Ricardo Santana e Luiz Beltramin
| Tempo de leitura: 4 min

O que era para ser uma medida de precaução, a distribuição de máscaras cirúrgicas, acabou provocando temor nos alunos do colégio onde estuda o menino de 13 anos que está internado com gripe suína (Influenza A H1N1). Informada pela Secretaria do Estado da Saúde de que a irmã de um aluno estava com a doença e ele sob investigação, a escola distribuiu o equipamento de proteção na chegada dos estudantes para a aula, ontem pela manhã.

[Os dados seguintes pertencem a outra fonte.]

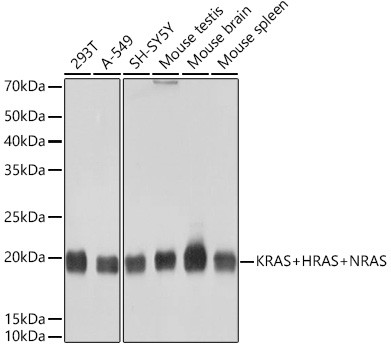 Pan Ras Antibody in Western Blot (WB)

Assim que souberam que um colega estava sob suspeita da gripe suína, muitos estudantes fizeram contato com seus pais, que imediatamente foram buscá-los. Outros estudantes foram embora sozinhos. Todos levaram um comunicado da Prefeitura de Bauru convidando os pais e responsáveis para uma reunião de orientação, ontem à noite, no auditório da Ordem dos Advogados do Brasil (OAB) subseção Bauru.

A mãe de uma das alunas, Ana Lúcia da Silva Adriano Garrido, disse, pela manhã, ter sido pega de surpresa pelo chamado da filha. “Fiquei assustada”, comentou. Ao ler o comunicado entregue pela filha, ela preferiu não fazer comentários antes de obter informações detalhadas. Para Garrido, a escola tomou a atitude correta diante de uma situação delicada.

O diretor administrativo do colégio COC, William Bornia Jacob, explicou ao JC que a Vigilância Epidemiológica da Secretaria de Estado da Saúde informou à escola da suspeita da gripe suína em um aluno no início da noite de anteontem. Jacob acrescenta que, naquele momento, a orientação das autoridades de saúde à escola foi de distribuir as máscaras e manter as aulas.

Segundo Jacob, a escola possui cerca de 400 alunos com idade de 11 a 18 anos que cursam ensino fundamental e médio, com aulas apenas no período da manhã. A escola possui aproximadamente 50 professores e funcionários que também aderiram ao uso das máscaras.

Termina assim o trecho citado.